YOUR OBJECTIVE
Please print the line that holds "Βράβευση Μαθήτριας του" and each line after it to the end of the data, word for word, without any pictures.

DATA SEGMENT
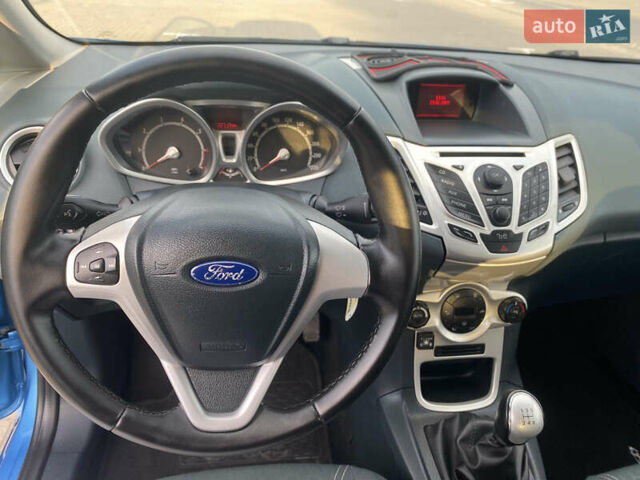 Синий Форд Фиеста, объемом двигателя 1.34 л и пробегом 227 тыс. км за 5900 $, фото 8 на Automoto.ua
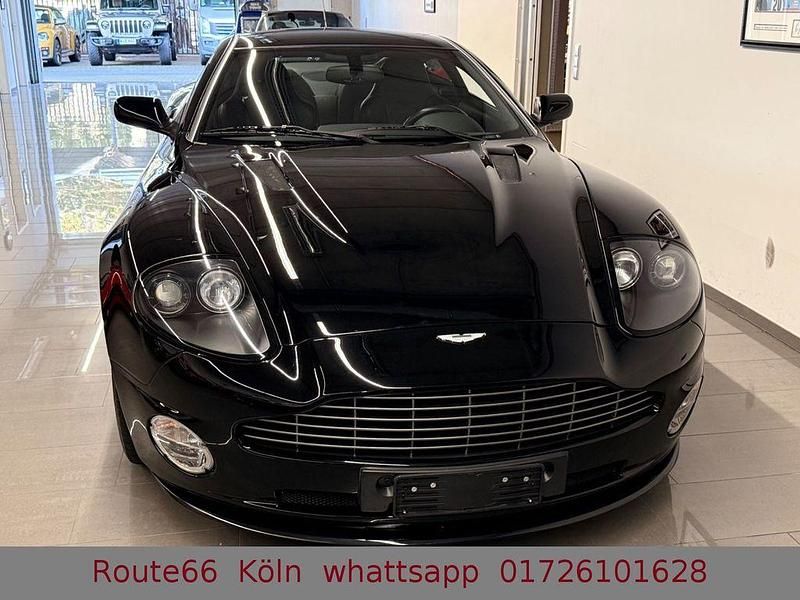 Używany Aston Martin Vanquish 528 KM (388 kW) 2008 Czarny Coupe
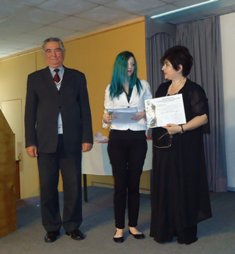 Βράβευση Μαθήτριας του Σχολείου σε Πανελλήνιο Λογοτεχνικό Διαγωνισμό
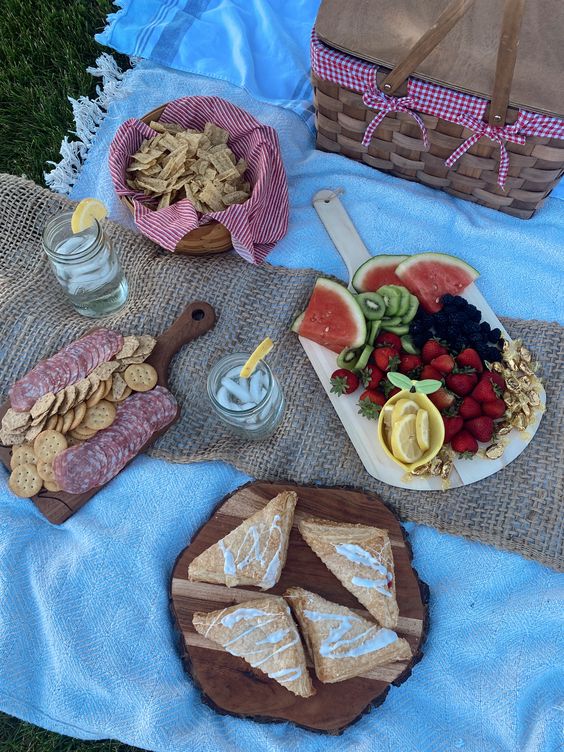 Sandwich, fruit, and cookies are picnic favourites. (Pinterest)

RESPONSE TO THE EXERCISE
 Βράβευση Μαθήτριας του Σχολείου σε Πανελλήνιο Λογοτεχνικό Διαγωνισμό
 Sandwich, fruit, and cookies are picnic favourites. (Pinterest)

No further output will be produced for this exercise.